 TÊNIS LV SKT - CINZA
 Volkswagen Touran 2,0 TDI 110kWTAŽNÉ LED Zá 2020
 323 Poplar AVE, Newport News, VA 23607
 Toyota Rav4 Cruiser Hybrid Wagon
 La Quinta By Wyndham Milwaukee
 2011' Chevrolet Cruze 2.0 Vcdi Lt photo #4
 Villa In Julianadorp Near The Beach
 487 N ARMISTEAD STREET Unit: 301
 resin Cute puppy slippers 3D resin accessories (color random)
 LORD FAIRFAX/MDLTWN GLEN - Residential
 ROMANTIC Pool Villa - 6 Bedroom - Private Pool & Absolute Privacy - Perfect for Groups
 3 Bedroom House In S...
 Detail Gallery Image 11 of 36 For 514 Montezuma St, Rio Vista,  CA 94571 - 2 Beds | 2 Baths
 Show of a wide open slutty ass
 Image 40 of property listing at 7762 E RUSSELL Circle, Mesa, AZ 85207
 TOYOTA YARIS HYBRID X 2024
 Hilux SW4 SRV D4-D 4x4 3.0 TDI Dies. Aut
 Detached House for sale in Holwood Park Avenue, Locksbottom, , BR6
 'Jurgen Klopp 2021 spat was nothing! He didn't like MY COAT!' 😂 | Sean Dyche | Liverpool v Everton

Assigned task:
Beginning with the line that contains "ROMANTIC Pool Villa", set down every line through the end of the data without change.

Solved problem:
 ROMANTIC Pool Villa - 6 Bedroom - Private Pool & Absolute Privacy - Perfect for Groups
 3 Bedroom House In S...
 Detail Gallery Image 11 of 36 For 514 Montezuma St, Rio Vista,  CA 94571 - 2 Beds | 2 Baths
 Show of a wide open slutty ass
 Image 40 of property listing at 7762 E RUSSELL Circle, Mesa, AZ 85207
 TOYOTA YARIS HYBRID X 2024
 Hilux SW4 SRV D4-D 4x4 3.0 TDI Dies. Aut
 Detached House for sale in Holwood Park Avenue, Locksbottom, , BR6
 'Jurgen Klopp 2021 spat was nothing! He didn't like MY COAT!' 😂 | Sean Dyche | Liverpool v Everton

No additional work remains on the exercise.